Reliance Industries Ltd., India’s biggest company by market value, reported a better-than-estimated quarterly profit after earnings increased from turning crude oil into gasoline and diesel.
Third-quarter net income rose 24 percent to 55 billion rupees ($1 billion), or 17 rupees a share, in the three months ended Dec. 31 from 44.4 billion rupees, or 13.60 rupees, a year earlier, Mumbai-based Reliance said yesterday in a filing. Profit beat the 50.1 billion rupee median estimate of 25 analysts in a Bloomberg survey. Sales rose 10 percent to 938.9 billion rupees.
Billionaire Chairman Mukesh Ambani, 55, is shifting focus back to processing crude as Reliance’s output from India’s largest natural gas block continues to wane. Economic recovery from the U.S. to China is expected to lift global demand for fuels that Reliance produces in the world’s biggest refining complex in Gujarat state and sells overseas.
“Refining has been above estimates and its margins will be steady over the next year or so,” said Neelabh Sharma, a Mumbai-based analyst with BOB Capital Markets Ltd., a unit of state-run Bank of Baroda. “Earnings will get a new boost once new projects start in about a year.”
Reliance’s global depository receipts in London climbed 4.1 percent to $34.11, the highest price since Feb. 22. The shares have increased 7.2 percent this year, adding to last year’s 21 percent surge, the most since 2009. The stock rose 1.2 percent to 900.20 rupees in Mumbai trading yesterday, compared with a 0.4 percent gain in the key Sensitive Index. The earnings were announced after the market closed.

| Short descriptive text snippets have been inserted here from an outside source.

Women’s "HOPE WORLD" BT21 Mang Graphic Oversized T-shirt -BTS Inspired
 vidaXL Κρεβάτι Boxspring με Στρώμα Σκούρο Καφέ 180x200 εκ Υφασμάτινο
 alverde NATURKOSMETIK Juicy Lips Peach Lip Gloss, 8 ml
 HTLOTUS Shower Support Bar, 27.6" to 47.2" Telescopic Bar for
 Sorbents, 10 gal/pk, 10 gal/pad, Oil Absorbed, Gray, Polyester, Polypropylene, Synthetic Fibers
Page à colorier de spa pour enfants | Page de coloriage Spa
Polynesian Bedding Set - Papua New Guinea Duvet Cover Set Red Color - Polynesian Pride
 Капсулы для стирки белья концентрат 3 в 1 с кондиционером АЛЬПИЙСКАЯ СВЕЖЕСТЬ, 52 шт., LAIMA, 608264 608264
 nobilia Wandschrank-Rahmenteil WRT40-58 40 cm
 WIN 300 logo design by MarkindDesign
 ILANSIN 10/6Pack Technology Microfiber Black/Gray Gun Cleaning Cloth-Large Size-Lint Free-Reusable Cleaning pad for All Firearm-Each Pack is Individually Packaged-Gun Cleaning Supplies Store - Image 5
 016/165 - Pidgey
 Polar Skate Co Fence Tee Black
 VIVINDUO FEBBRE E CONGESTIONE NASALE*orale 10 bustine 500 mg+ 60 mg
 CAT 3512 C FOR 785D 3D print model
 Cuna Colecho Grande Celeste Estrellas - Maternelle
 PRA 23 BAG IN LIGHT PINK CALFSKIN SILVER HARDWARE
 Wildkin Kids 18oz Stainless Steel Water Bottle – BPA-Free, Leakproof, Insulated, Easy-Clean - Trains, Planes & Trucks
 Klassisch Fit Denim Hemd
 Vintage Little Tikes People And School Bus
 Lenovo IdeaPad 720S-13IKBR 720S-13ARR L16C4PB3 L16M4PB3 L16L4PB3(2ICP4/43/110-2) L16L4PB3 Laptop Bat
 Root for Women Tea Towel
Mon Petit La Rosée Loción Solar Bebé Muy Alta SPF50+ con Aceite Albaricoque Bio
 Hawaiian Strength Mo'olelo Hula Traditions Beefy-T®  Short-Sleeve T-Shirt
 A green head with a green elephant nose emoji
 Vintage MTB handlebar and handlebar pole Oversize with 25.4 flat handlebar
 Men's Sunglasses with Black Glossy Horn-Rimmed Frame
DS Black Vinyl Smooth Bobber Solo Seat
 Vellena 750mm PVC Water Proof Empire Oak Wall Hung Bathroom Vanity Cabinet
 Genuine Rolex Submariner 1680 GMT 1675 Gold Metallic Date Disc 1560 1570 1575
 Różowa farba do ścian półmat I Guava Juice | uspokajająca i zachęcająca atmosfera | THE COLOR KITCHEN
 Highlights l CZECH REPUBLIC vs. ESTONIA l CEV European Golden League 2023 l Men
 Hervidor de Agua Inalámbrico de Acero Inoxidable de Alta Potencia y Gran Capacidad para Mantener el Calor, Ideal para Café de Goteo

Reliance operates two refineries at Jamnagar in the western state that can together process 1.24 million barrels of crude every day. The plants can turn heavier grades of oil, which are typically cheaper, into high-value fuels.
The company earned $9.6 for every barrel of crude it processed in the quarter, compared with $6.8 a year earlier and $9.5 a barrel in the previous three months. Profit from turning Dubai crude into diesel in Singapore, an Asian benchmark, averaged $18.77 a barrel in the quarter, compared with $18.22 a year earlier, according to data from PVM Oil Associates Ltd., a London-based crude and refined-products broker.
Brent crude, a benchmark oil price used by much of the world, averaged $110.13 a barrel in the three months ended Dec. 31, compared with $109.02 a year earlier.
Oil yesterday headed for the longest weekly rising streak in 14 months in New York after economic growth accelerated in China, the world’s second-biggest crude consumer. China’s gross domestic product rose 7.9 percent in the fourth quarter from a year earlier, compared with 7.4 percent in the previous period, the National Bureau of Statistics said yesterday in Beijing.
Reliance is spending $8 billion to boost petrochemical capacity and $4 billion on a plant to make combustible gas to power its refineries, which will help it widen refining margins, according to its website. The company had cash and equivalents of 809.62 billion rupees and 722.66 billion rupees of debt outstanding as of Dec. 31, according to the statement.
Gas production from the KG-D6 block in the Bay of Bengal declined 37 percent to 275 billion cubic feet in the nine months ended Dec. 31 from a year earlier, Reliance said yesterday. The drop was because of reservoir complexity and a natural decline in output, it said.
The company last month began drilling its first well in the KG-D6 block in more than a year, seeking to start output from new areas within the KG-D6 block. The newer fields may produce as much as 10 million cubic meters of gas a day starting 2015, according to a person familiar with the matter.
Reliance’s plans to raise production may get a boost if the government accepts the recommendations of a panel led by Chakravarthy Rangarajan, chief of the prime minister’s Economic Advisory Council. The panel wants gas rates in India to be benchmarked to global rates, which will raise prices to about $8 per million British thermal units.
Reliance currently sells the fuel from the KG-D6 block for $4.2 per million Btu, a price which comes up for revision in April 2014.
The explorer, which also operates chemical plants and retail stores, sold stakes in KG-D6 and 20 other blocks to BP Plc, Europe’s second-biggest oil producer by market value, as Ambani sought the London-based company’s technology to drill and produce gas from the deepwater area.